To ensure the performance of the designs, increasing use of complex software modelling and analysis tools are employed. Hydro Group engineers routinely utilise packages such as Comsol multiphysics software to model designs and provide virtual realisation of the cable characteristics under a variety of simulated conditions. Transmission characteristics and performance are also simulated with the use of Optem software tools.

Hydro Group regularly incorporates stainless steel tubes, rather than PBT tubes, for all Subsea Cable designs incorporating fibre optics. The benefits of utilising optical fibres contained within stainless steel tubes are primarily two fold –

- the attenuation (signal loss) seen in the fibre due to the compressive forces on the glass is minimised as the stainless steel tube protects from the crushing action of the water pressure on the fibre itself.
- The addition of a hydrogen scavenging/absorbing gel is used within the St/St Tube to prevent the potential darkening of the optical fibres due to the natural ingression of small amounts of hydrogen which are present in these extreme conditions.

Both of these advantages over PBT Tubed fibre optics are deemed crucial in the demanding conditions seen by subsea optical cables.

Mechanical factors are extremely significant in the overall performance of subsea cable designs. Often these present a much higher risk in the reliability and durability of the design than all other constraints. The application of FEA design and modelling tools such as Comsol and Orcaflex allow simulation and analysis of the design to ensure construction and incorporation of components that will meet the dynamic application requirements.

Under Pressure
Understanding the static and dynamic forces that will be applied allow the incorporation of features and components such as Vectran braids and cords for tensile strength in light weight and more flexible applications and Contra Helical steel wire armouring packages where significantly higher mechanical forces will be experienced.
 
Hydro Group recently invested in a new state-of-the-art hydrostatic pressure vessel, which offers a broader range of testing with a more accurate output. The 2.5 by 1.5 metre vessel has the capacity to pressure test large cable assemblies and equipment up to100 bar, simulating depths of 1000 metres below sea level. This complements the suite of existing pressure vessels that allow simulation of depths to 7000 metres of seawater.
 
Housed in the company’s Aberdeen headquarters, the equipment provides Hydro Group with the ability to design and pressure test complete cable assemblies built for deep waters projects, particularly for the subsea and defence industry.
 
Advanced Armour
Hydro Group services a global client base, with ocean environments varying significantly in different regions and therefore different risks to consider such as salinity, water temperatures and seabed conditions. As industry explores deeper sea depths, this affects the design and material selection of cables, with challenges such as UV stability, marine growth, microbial attack and even the burrowing Teredo Navalis Shipworm to be addressed.
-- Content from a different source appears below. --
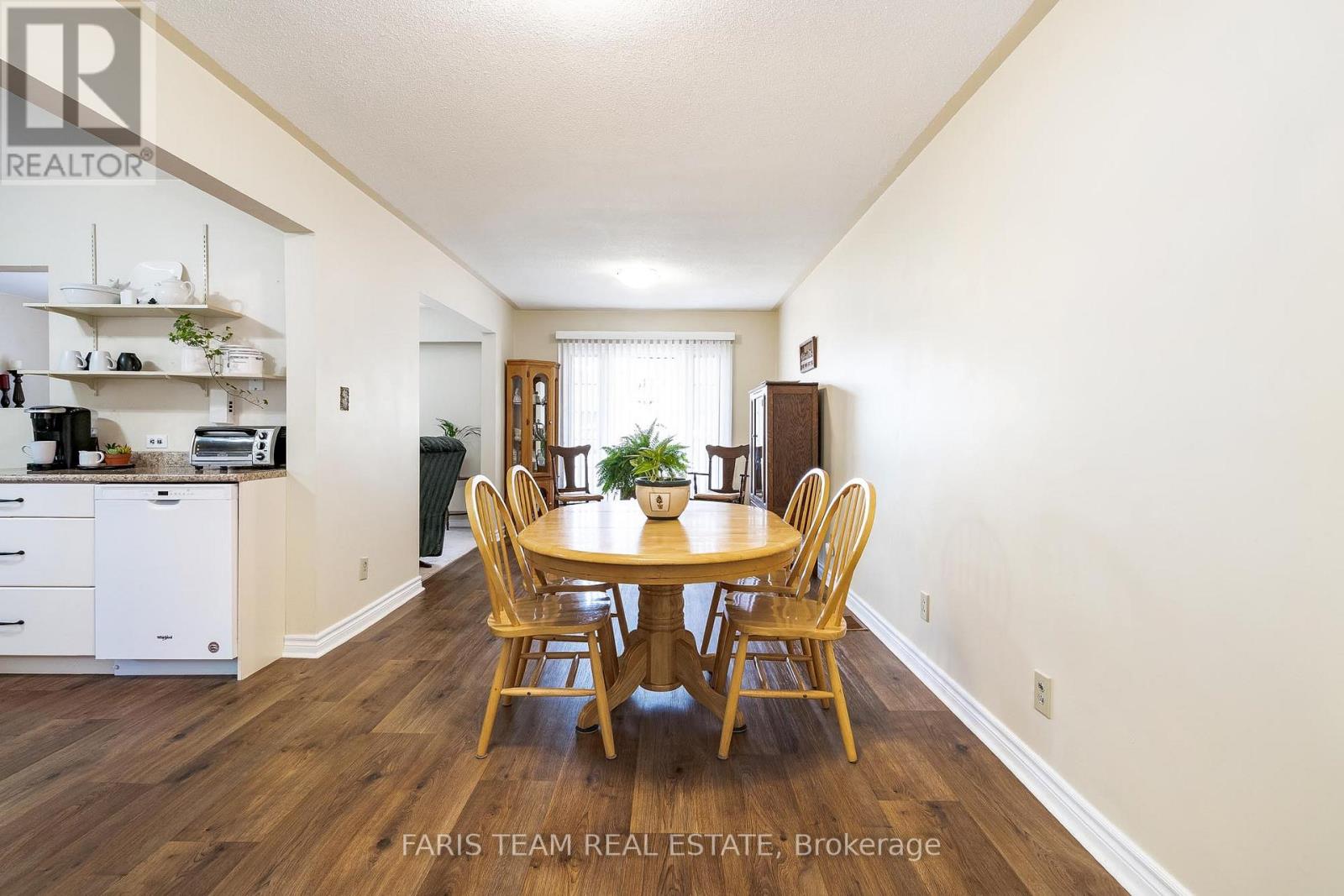 366 Mississaga Street W, Orillia, Ontario  L3V 3C3 - Photo 8 - S12150350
The combination of the above design factors and the fact that equipment demands are increasing rapidly is driving more customised solutions. In addition to the design approach employed and increased testing capabilities, Hydro Group has invested heavily in new machinery, significantly increasing and improving in-house cable manufacturing capabilities, to compliment this rapidly evolving market.

At the start of 2015, the company installed and commissioned an advanced armouring line, extending its product line providing the company with armouring expertise, offering custom-designed single and multi-layered steel armoured cables in galvanised improved steel and corrosion resistant steels.
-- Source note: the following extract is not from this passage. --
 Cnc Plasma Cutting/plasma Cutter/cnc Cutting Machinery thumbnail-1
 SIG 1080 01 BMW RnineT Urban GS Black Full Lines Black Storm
The new machinery allows the team to manufacture mechanically protected cables to improve and support subsea operations, which can withstand higher stresses in subsea and defence operations. As well as contra helical armoured subsea control cables, which act to neutralise the tension and compression forces that occur in the wires each time the cable is bent or flexed.

With a full appreciation of all electrical, optical, mechanical and environmental requirements imposed on the application of the cable a robust and reliable cabling solution can be realised.

Hose Bundles
To further support the needs of industry and in response to significant customer demand, Hydro Group combined expertise to develop a new hydraulics hose product, offering lay-up and over-sheathing of hydraulic hoses for use in umbilical, topside, well intervention projects in the oil and gas industry and any deepwater applications or where there is a high differential pressure between the external and internal pressure of the hose.

The bundled hoses, which are available in ¼” to 2” size from Hydro Cable Systems, a Hydro Group company, integrate hydraulic components with electrical and fibre optic cables, resulting in a more compact and easier to handle assembly.

This new capability allows the company to extrude up to 120mm diameter over composite bundles or single hoses. Final produced lengths can be supplied from 50 to 2000 metres depending on the size of hose, number of components and the finished diameter of the umbilical.

Hydro Group has seen significant investment in equipment, facilities and training, enabling the company to expand capability and offer technical skill and resource to respond to significantly varying demands from our customer’s applications. The Hydro Group team are open to exploring solutions that are technically challenging, in tight timescales and within budget. Continuous product development and investment in opening up new markets has enabled the Group to maintain momentum whilst the uncertainty in the oil and gas market has impacted subsea developments.